* **Assignment**
Starting with the first line of the data that follows, transcribe every line verbatim until the line containing "3 Channel 2.5K" has been transcribed.

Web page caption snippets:
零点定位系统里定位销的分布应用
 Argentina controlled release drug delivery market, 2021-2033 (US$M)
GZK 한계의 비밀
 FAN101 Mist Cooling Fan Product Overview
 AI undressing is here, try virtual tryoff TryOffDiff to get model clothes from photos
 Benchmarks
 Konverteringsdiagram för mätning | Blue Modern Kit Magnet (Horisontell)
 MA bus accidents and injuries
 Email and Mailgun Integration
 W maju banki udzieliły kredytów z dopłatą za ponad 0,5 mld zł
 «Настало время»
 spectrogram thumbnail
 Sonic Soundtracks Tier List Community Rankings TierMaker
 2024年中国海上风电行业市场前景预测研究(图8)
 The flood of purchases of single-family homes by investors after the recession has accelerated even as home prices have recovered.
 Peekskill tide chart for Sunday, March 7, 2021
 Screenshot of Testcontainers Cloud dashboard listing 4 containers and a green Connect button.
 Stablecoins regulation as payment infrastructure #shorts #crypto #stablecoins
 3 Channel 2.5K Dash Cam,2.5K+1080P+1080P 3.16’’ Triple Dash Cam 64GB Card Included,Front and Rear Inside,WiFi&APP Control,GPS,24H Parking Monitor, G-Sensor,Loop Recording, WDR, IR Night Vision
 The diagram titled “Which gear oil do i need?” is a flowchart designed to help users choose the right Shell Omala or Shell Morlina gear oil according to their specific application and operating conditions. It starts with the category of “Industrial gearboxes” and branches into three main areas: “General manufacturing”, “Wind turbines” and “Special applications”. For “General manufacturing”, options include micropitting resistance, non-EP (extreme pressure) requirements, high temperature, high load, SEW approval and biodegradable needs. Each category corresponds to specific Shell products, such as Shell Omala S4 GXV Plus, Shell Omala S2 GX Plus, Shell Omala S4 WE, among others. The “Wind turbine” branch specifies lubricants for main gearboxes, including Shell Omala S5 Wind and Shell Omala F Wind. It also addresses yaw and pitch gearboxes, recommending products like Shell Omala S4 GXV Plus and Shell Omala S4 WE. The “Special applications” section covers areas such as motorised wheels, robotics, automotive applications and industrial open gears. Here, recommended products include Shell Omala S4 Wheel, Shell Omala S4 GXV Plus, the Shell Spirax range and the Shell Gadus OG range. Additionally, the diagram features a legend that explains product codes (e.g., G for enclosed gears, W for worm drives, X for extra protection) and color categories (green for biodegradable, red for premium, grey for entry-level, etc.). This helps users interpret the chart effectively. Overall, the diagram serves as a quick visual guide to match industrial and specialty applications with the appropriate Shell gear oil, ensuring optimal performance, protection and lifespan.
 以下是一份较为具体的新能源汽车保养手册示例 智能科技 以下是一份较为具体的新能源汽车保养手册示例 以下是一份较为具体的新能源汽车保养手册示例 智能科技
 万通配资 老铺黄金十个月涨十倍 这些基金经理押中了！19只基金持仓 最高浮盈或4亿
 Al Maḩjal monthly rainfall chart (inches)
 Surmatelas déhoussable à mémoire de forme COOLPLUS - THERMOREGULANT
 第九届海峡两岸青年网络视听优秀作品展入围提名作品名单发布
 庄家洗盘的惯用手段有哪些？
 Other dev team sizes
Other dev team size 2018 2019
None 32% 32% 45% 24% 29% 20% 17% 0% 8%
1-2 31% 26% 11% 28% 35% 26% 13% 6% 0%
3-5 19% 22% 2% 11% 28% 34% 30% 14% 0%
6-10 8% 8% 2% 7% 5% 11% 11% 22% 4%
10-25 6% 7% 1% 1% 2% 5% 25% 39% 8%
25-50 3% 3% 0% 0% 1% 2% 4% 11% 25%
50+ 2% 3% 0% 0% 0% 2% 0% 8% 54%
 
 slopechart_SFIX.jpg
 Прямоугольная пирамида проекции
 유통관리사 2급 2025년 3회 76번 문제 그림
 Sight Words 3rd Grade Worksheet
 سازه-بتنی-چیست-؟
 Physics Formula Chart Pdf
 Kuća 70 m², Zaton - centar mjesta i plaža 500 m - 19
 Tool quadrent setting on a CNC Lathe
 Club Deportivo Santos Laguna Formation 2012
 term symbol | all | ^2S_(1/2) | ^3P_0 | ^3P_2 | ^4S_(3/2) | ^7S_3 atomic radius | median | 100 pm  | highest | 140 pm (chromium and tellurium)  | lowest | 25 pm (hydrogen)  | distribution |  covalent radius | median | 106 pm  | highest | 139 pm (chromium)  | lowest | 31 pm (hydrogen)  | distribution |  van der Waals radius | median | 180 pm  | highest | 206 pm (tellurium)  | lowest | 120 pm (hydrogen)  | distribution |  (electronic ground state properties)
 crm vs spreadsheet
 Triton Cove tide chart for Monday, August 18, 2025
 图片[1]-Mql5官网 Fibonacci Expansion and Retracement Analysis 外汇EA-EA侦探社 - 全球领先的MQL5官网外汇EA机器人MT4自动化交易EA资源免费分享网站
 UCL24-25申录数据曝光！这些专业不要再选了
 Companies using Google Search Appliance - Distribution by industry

* **Written response**
零点定位系统里定位销的分布应用
 Argentina controlled release drug delivery market, 2021-2033 (US$M)
GZK 한계의 비밀
 FAN101 Mist Cooling Fan Product Overview
 AI undressing is here, try virtual tryoff TryOffDiff to get model clothes from photos
 Benchmarks
 Konverteringsdiagram för mätning | Blue Modern Kit Magnet (Horisontell)
 MA bus accidents and injuries
 Email and Mailgun Integration
 W maju banki udzieliły kredytów z dopłatą za ponad 0,5 mld zł
 «Настало время»
 spectrogram thumbnail
 Sonic Soundtracks Tier List Community Rankings TierMaker
 2024年中国海上风电行业市场前景预测研究(图8)
 The flood of purchases of single-family homes by investors after the recession has accelerated even as home prices have recovered.
 Peekskill tide chart for Sunday, March 7, 2021
 Screenshot of Testcontainers Cloud dashboard listing 4 containers and a green Connect button.
 Stablecoins regulation as payment infrastructure #shorts #crypto #stablecoins
 3 Channel 2.5K Dash Cam,2.5K+1080P+1080P 3.16’’ Triple Dash Cam 64GB Card Included,Front and Rear Inside,WiFi&APP Control,GPS,24H Parking Monitor, G-Sensor,Loop Recording, WDR, IR Night Vision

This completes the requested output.